Shadow in the Cloud

Im Zweiten Weltkrieg bekommt es Chloë Grace Moretz mit einer unheimlichen Gestalt und nicht minder frustrierenden Männern zu tun: SHADOW IN THE CLOUD mischt Pulp mit Gesellschaftskommentar. Wir verraten euch, ob dieses Experiment gelingt.

OT: Shadow in the Cloud (NZL/USA 2020)

Der Plot

August 1943 in Neuseeland: Flight Officer Maude Garrett (Chloë Grace Moretz) hat die Mission, sich in letzter Sekunde einem Kampfflugzeug anzuschließen, das die Reise von Auckland nach Samoa antritt. Doch Maude und ihr streng geheimes Gepäck stoßen bei der komplett männlichen Besatzung nicht gerade auf einen herzlichen Empfang: Wenn die Testosteronbolzen nicht Maudes Loyalität zu den Alliierten hinterfragen und sie entgegen der Befehle wegen ihrer Lieferung löchern, dann machen sie sich über sie lustig – und machen ihr im gleichen Atemzug vulgäre Angebote. Als wäre das nicht schon Belastung genug, stellt sich das Flugzeug als schlecht in Schuss heraus – und nur Maude erkennt dies. Als sich dann auch noch der Feind am Horizont blicken lässt und ein sonderbares Wesen Maude attackiert, was die Männer an Bord nicht wahrhaben wollen, lässt es sich nicht weiter abstreiten: Dieser Flug wird für Maude zu einem wahren Überlebenskampf …

Kritik

Während des Zweiten Weltkrieges schoben US-Soldat:innen und -Techniker:innen etwaige Mängel an ihren Gerätschaften sowie daraus resultierende Unfälle gerne auf Gremlins. Für wenige war es ein Aberglaube, hinter dem sie mit Überzeugung standen, für viele war es bloß eine scherzende, alberne Art, die Verantwortung von sich zu schieben. Das ist vergleichbar mit der in Teilen Deutschlands verbreiteten „Erklärung“, nicht man selbst habe ein Glas umgeworfen, den Herd angelassen oder ähnliches getan – „nein, das war der Heilige Geist“. Popularisiert (und an der Heimatfront bekannt gemacht) wurden die Gremlins durch ein Disney-Kinderbuch von „Charlie und die Schokoladenfabrik“-Autor Roald Dahl, das als Grundlage für einen (letztlich nie verwirklichten) Zeichentrickfilm dienen sollte, sowie durch Disneys Mitbewerber Warner Bros.: Im September 1943 duellierte sich Bugs Bunny im immens beliebten Cartoon „Falling Hare“ mit einem kleinen, zerstörerischen Knilch, der auf einer Basis der Air Force  und in US-Kampfflugzeugen Schaden anrichtet. Warner produzierte während des Zweiten Weltkrieges zudem eine ganze Cartoon-Ausbildungsreihe namens „Private Snafu“, in der sich ein knollennasiger, etwas untersetzter Private jede Menge Patzer leistet, die das zum Militärdienst eingezogene Publikum vermeiden sollte, indem es aus seinen Fehlern lernt.

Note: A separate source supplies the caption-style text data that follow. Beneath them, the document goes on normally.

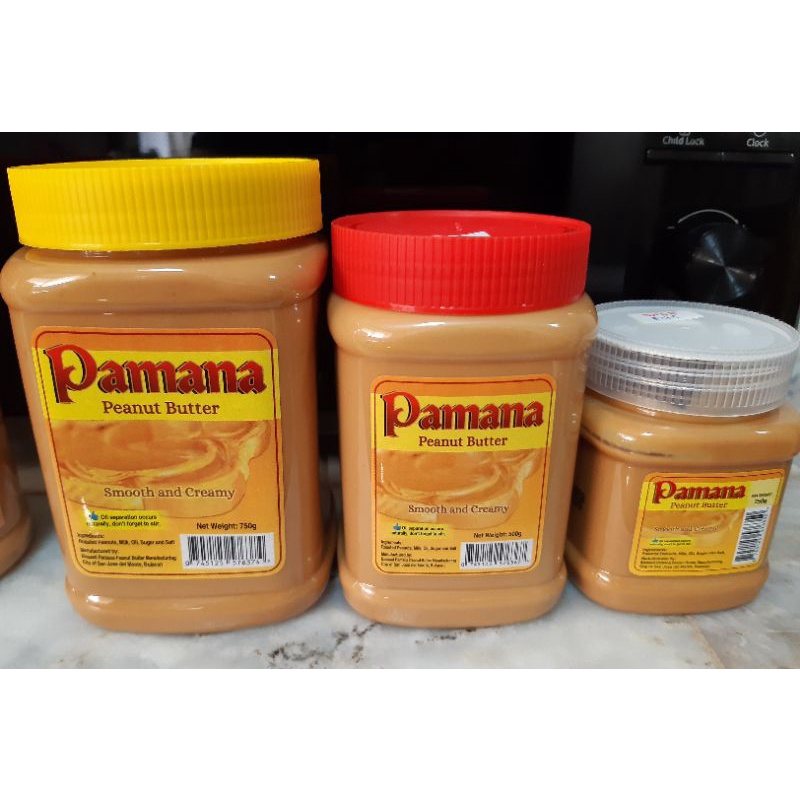 PAMANA SMOOTH AND CREAMY PEANUT BUTTER 250g Shopee Philippines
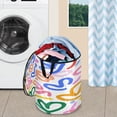 thumbnail image 5 of 50-liter Large Capacity Laundry Basket Sealed and Dustproof Easy Carry Handles Applicable to Laundry Room Bedroom Bathroom College Dorm Capture Love, 5 of 7
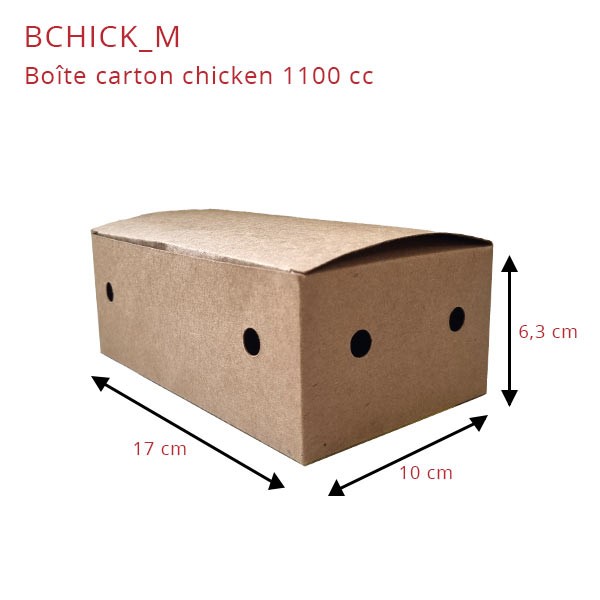 Boite carton alimentaire chicken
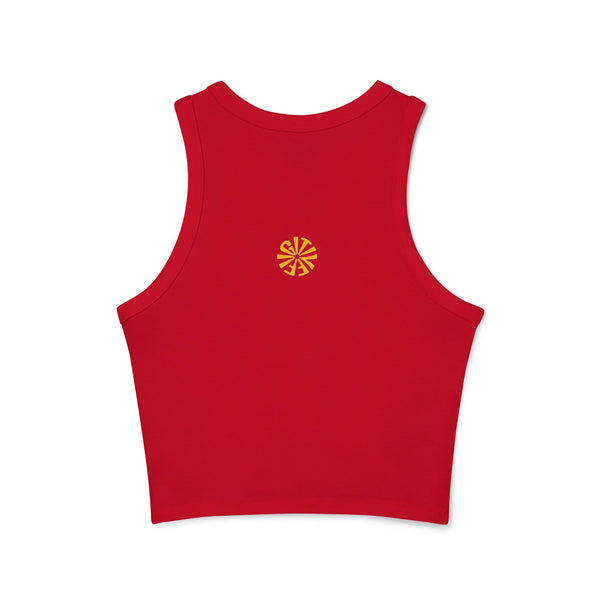 Sovereign Lion Graphic Racer Tank Top for Women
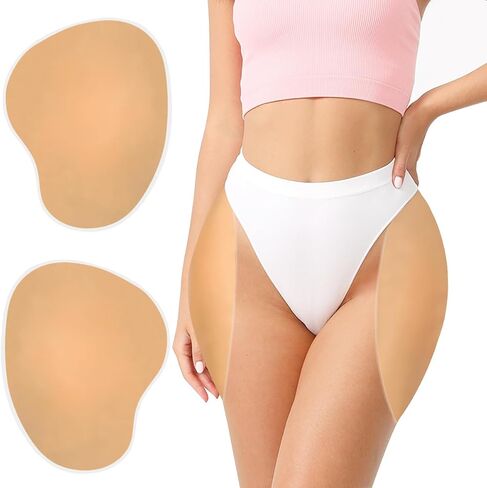 2PCS Sticky Silicone Hip Pads for Women Very Soft Self adhesive Silicone Butt Pads Natural Looking Hip Enhancer Pads in Saudi Arabia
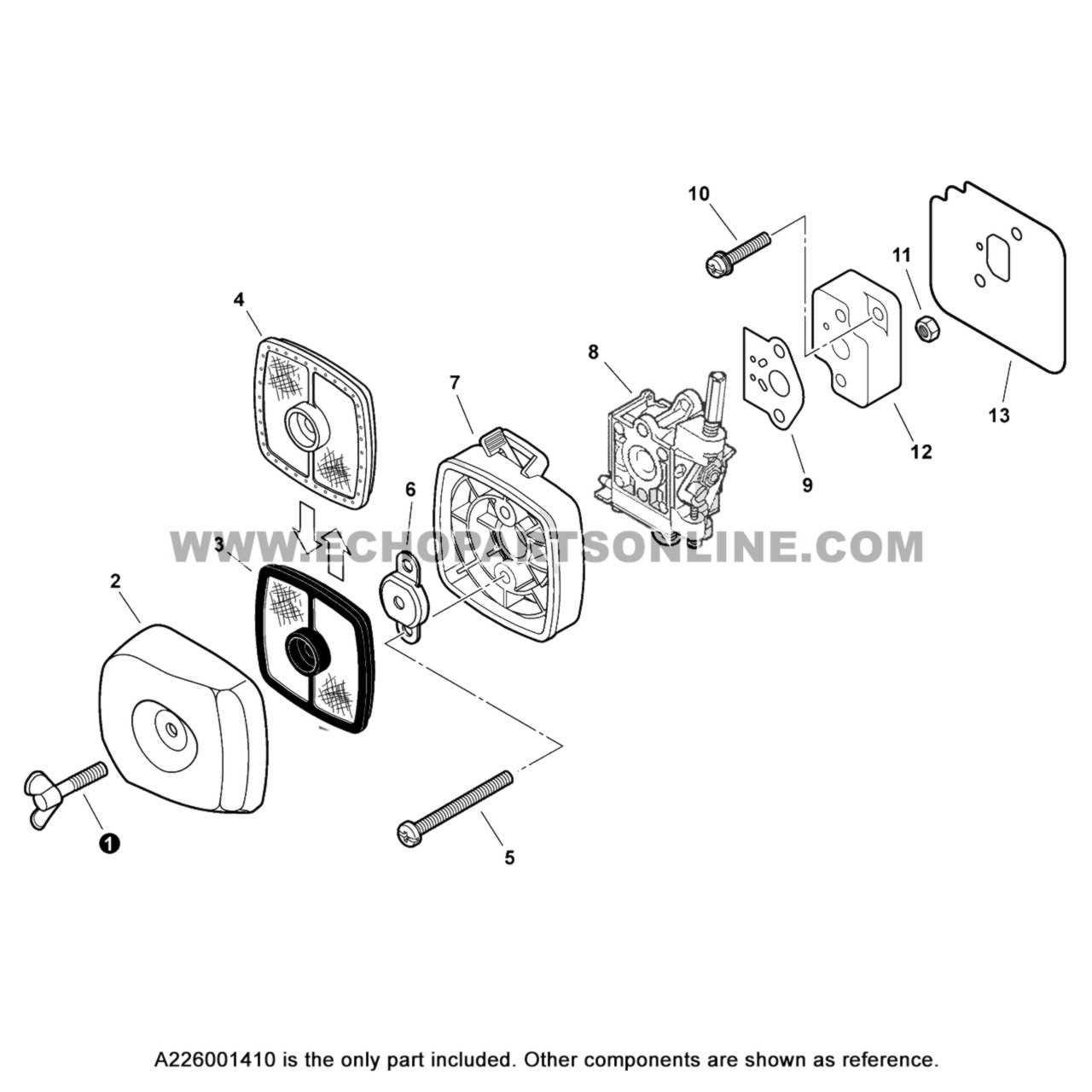 echo gt225 parts diagram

Die Kameraarbeit von „Shadow in the Cloud“ kann sich sehen lassen.

„Shadow in the Cloud“ greift charmant auf diese Cartoons zurück: Regisseurin Roseanne Liang („My Wedding and other Secrets“) stellt dem Vorspann einen Fake-Vorfilm voran, der wie ein ultrakonzentrierter „Private Snafu“-Kurzfilm anmutet, in dem zudem ein Gremlin sein Unwesen treibt. Liang bereitet so kurzweilig und effizient die Bühne für ihren Genremix, durch den sich spürbare Verehrung und Dankbarkeit für die Frauen zieht, die im Zweiten Weltkrieg dienten – nur um von der Geschichtsschreibung vergessen zu werden. So sehr, dass heutzutage uninformierte Typen im Internet was von historischer Inkorrektheit faseln, wann immer Frauen im Militärdienst während der 1940er gezeigt (oder im Fall von „Dunkirk“ von manchen Kritiker:innen gefordert) werden. Daher ist dieser Film gleichzeitig auch als Kampf genau dagegen zu verstehen. Mit Referenzen auf Cartoons, Pin-ups und Stilistik jener Zeit versehen, schickt die Regisseurin und Autorin in „Shadow in the Cloud“ den „Bad Neighbors 2“-Star Chloë Grace Moretz als resolute Flugoffizierin auf eine Mission, bei der versagende Technik und im Luftraum lauernde Flugzeuge des Feinds, ja, selbst die Furcht vor einem Monstrum in Sachen Ärgernis und Bedrohlichkeit vor dem sie umgebenden Chauvinismus verblassen.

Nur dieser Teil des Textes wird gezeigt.